When a sportsbook posts the Brewers at +139, that price isn't a prediction. It's an offer. It says: "We will pay you $1.39 for every $1 you risk if the Brewers win." Embedded in that offer is an implied probability — the win rate at which the bet breaks even over the long run. For positive American odds the math is simple:
Implied probability = 100 / (odds + 100)
So +139 implies a 100 / (139 + 100) = 41.8% break-even win rate. For negative American odds the formula flips:
Implied probability = |odds| / (|odds| + 100)
So -150 implies 150 / 250 = 60% break-even. If you bet a team at -150 and you think they'll win 60% of the time, you've taken a coin flip in dollar terms — you'll break even forever. If you think they'll win 65%, you've taken a +EV bet — over enough trials you make money. If you think they'll win 55%, you've taken a -EV bet — over enough trials you give money to the book, no matter how often you win.
This is the whole game. Find the gap between your estimate of true probability and the market's implied probability, bet the side where your number is higher, and the long run rewards you. The team doesn't have to win the game. The price just has to be wrong.
Once you know your win probability and the price you're getting, expected value falls out of two numbers and a subtraction. The general formula:
EV = (Pwin × Profit) − (Ploss × Stake)
Where Profit is what the bet pays you per dollar risked if it wins (the decimal-odds-minus-1 number), and Ploss is simply 1 − Pwin. If EV is positive, the bet is profitable in the long run. If it's negative, you're paying the book to entertain you.
For a $1 bet at +120, you risk $1 to win $1.20. So if your win probability is 50%: EV = (0.50 × $1.20) − (0.50 × $1) = $0.60 − $0.50 = +$0.10 per dollar. The bet returns ten cents on the dollar over an infinite series of identical bets. That's the headline number sharp bettors care about. Want the math without doing it by hand? Plug your numbers into our EV Calculator and it returns EV in dollars, EV as a percentage of stake, and the edge in percentage points.
The formula has a quietly important property: at the price where your implied probability exactly equals the market's, EV is zero. That's the break-even price. Bet above it (i.e., get a better price than fair) and you're +EV. Bet below it and you're −EV. Calculating that break-even price is how you decide whether a posted line is worth taking or worth passing.
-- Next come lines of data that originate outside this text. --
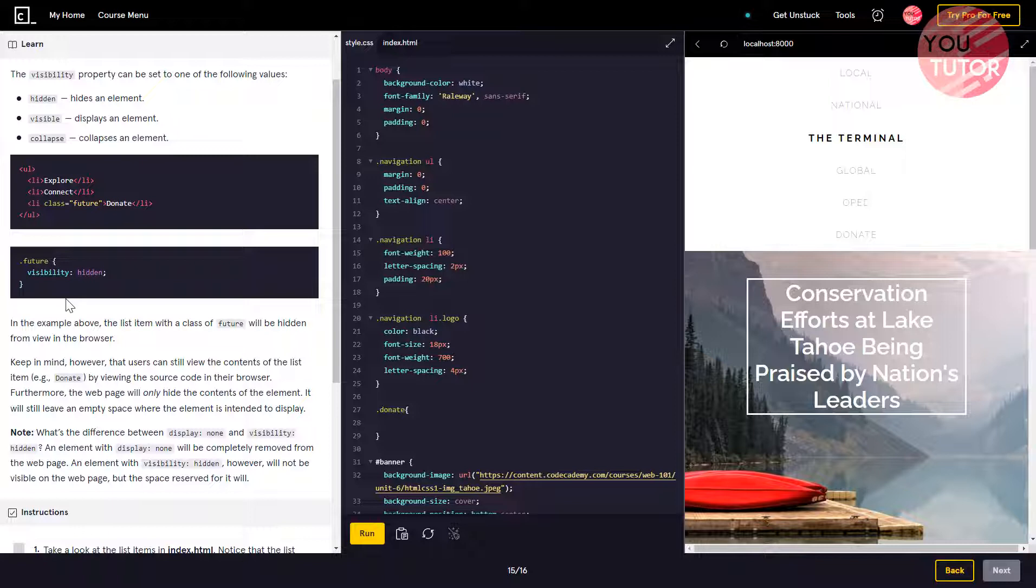Furthermore, the web page will only hide the content of the element. It will still leave an empty space where the element is intended to display.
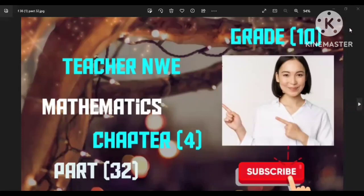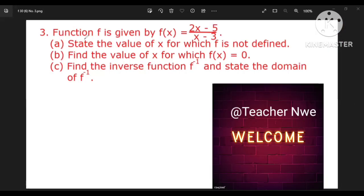Hi, welcome to the video. I am going to study the first function of the University of Mekoni. This is an exercise for Y7, number 3.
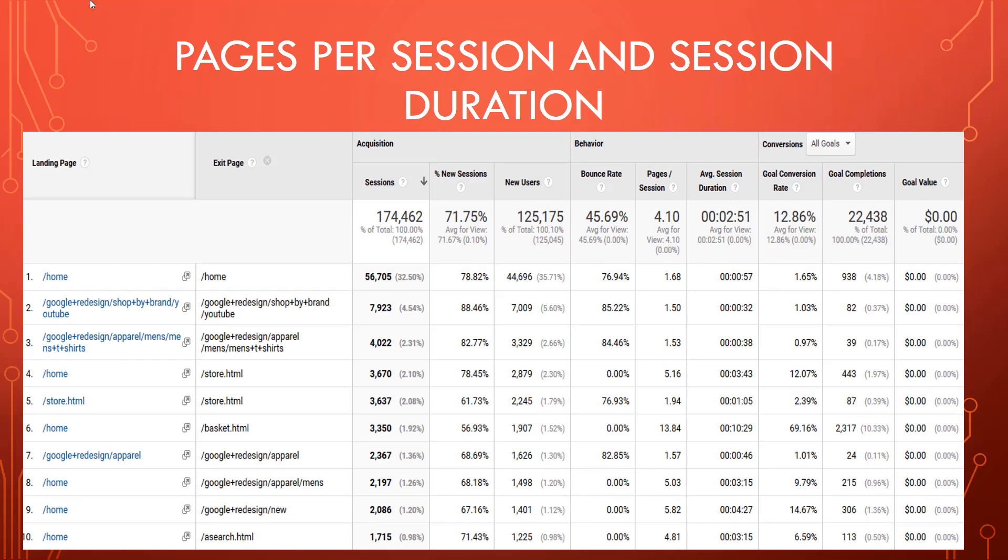Pages per session and session duration: the average pages per session is 4.1 pages viewed. In the graphic here, it shows where people were entering and exiting. 32.5% entered and exited from the home page, and those sessions had an average of 1.68 pages per session. On the flip side, those that made it to the home page and stayed all the way through to the basket averaged 13.84 pages viewed and a 69.16% conversion rate.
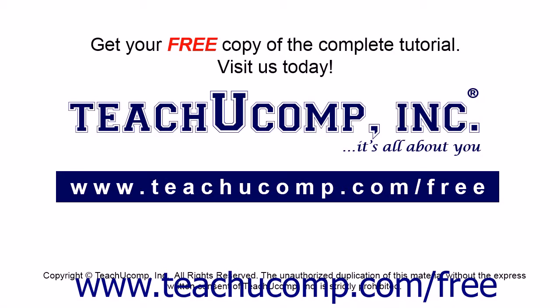Get your free copy of the complete tutorial at www.teachucomp.com forward slash free.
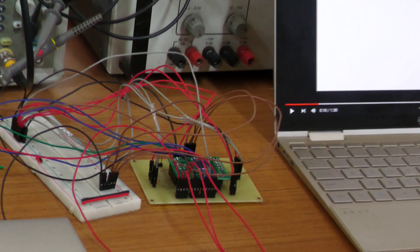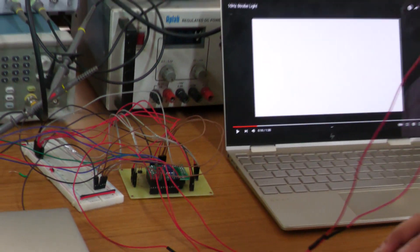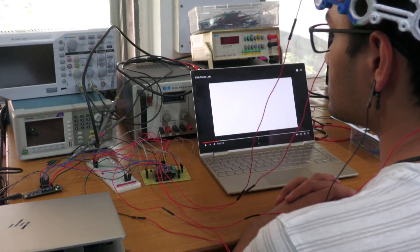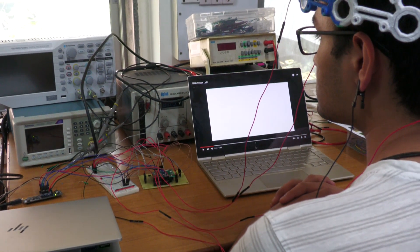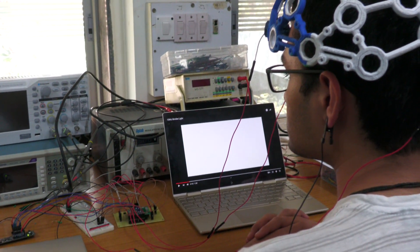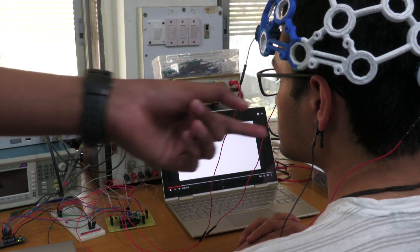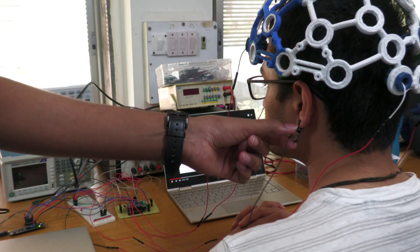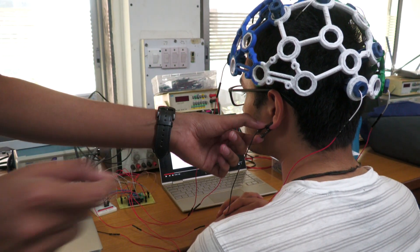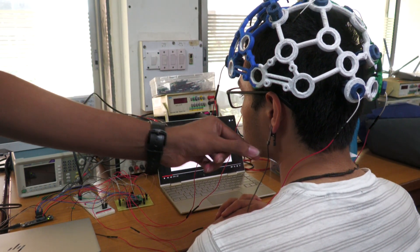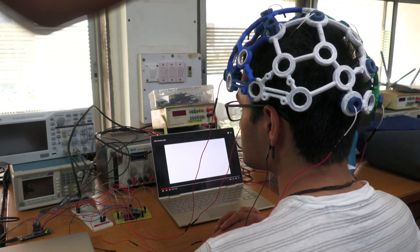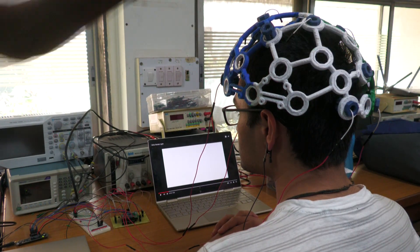The electrodes placed on the headgear are single-ended electrodes and therefore to provide a reference signal for the electrodes, we have attached an ear clip which gives the body potential as a reference signal and this acts as a reference to all four electrode signals.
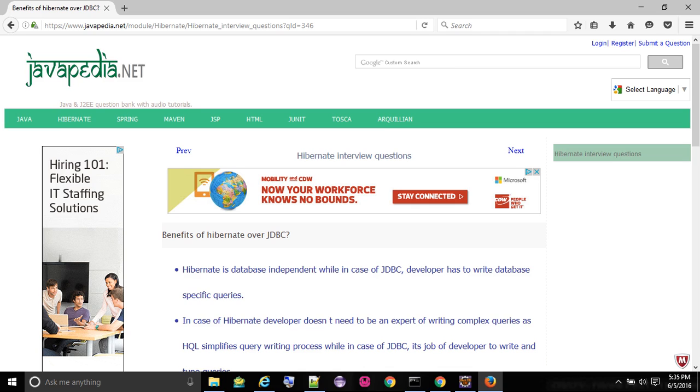In Hibernate, CriteriaQuery takes care of query tuning. In case of JDBC you need to tune your queries.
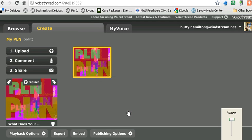Then press Save. Now your VoiceThread will be public and anyone who would like to view it or listen to it, wherever it may be embedded or through a link that you may provide them, will be able to enjoy your VoiceThread. Thank you for watching this video tutorial.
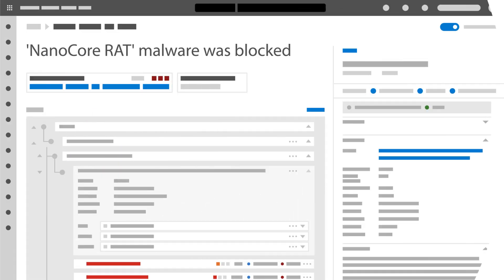Defender for Endpoint did not, however. EDR in block mode stopped the behavior and remediated the Excel file and PowerShell script.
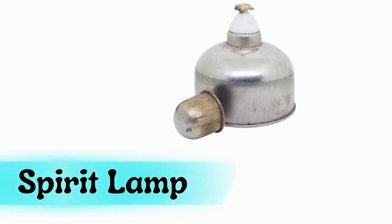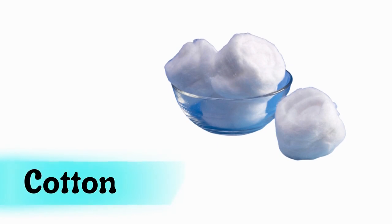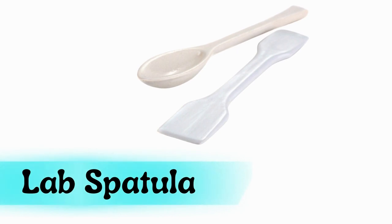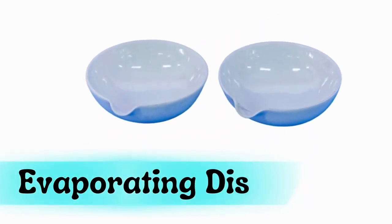Spirit lamp, cotton, lab spatula, evaporating dish.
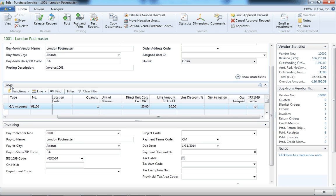After this is checked on, when you process the payment, NAV will automatically calculate the 1099 information for you.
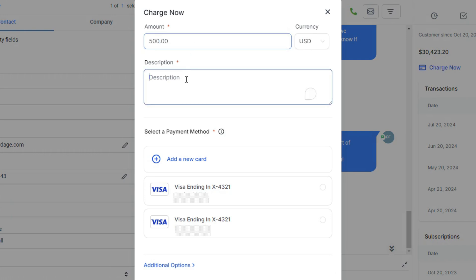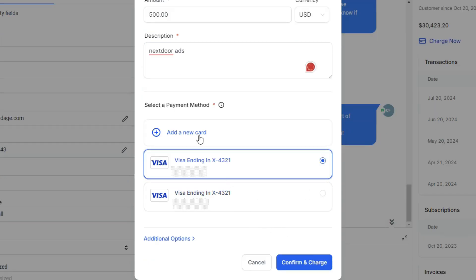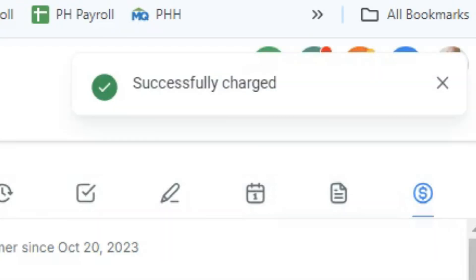Put in the amount and description, then choose their card. If there's not a card, you can add one, and then click Confirm. You should see 'Successfully Charged' in the top right corner.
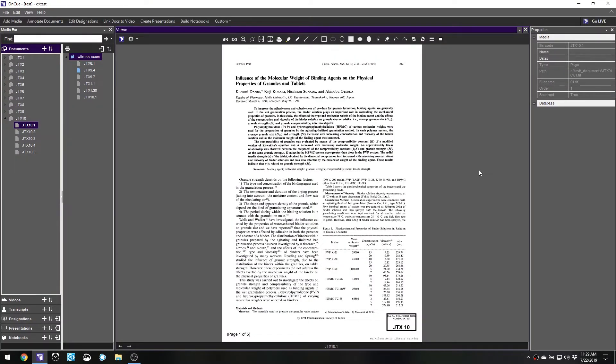For today's example, let's go over to OnCue. In my demo case, I've created a notebook for a direct exam — we'll pretend we're doing a direct exam today. I have a handful of exhibits that I wanted to show to the jury during the examination. We've gone through them, I've done all my zooming in and everything else I need to do to show the exhibits, and now I'm done. Let's say it's the other side's turn to cross the witness.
On May 19, 2026, our MLB model published Chicago White Sox +128 against Seattle as the official play of the day. The model's win probability for Chicago was 48.3%. The market's implied probability at +128 was 100 / 228 = 43.9%. The gap — what we'd call the edge — was 4.4 percentage points.
Model win probability: 48.3%
Market price: +128 → implied 43.9%
Edge: +4.4 percentage points
Fair-value price at 48.3%: (100 / 0.483) − 100 = +107
+EV window: anywhere from +107 up to +128 (the current price)
Expected value per $1 risked: (0.483 × 1.28) − (0.517 × 1.00) = +$0.10
Two things matter about that table. First, the +EV window is a range, not a single price. If the line moves from +128 down to +120, the bet still has edge (smaller, but real). If it moves down to +107, the edge is exactly zero — you're paying fair value, with no profit and no loss in expectation. If it moves below +107, the bet has crossed into negative expected value and you should pass.
Second — and this is the part that's hard for recreational bettors to internalize — the bet was correct at the moment of placement, regardless of whether Chicago actually won the game. If they lose 8-2, the +4.4pp of edge was still real when we placed the bet. The dollars went the wrong way that night. But the decision was right, and the math doesn't care about a single night. It cares about whether you systematically take 48.3% probabilities at prices that imply 43.9%, because over a few hundred of those, the variance washes out and the edge lands as profit.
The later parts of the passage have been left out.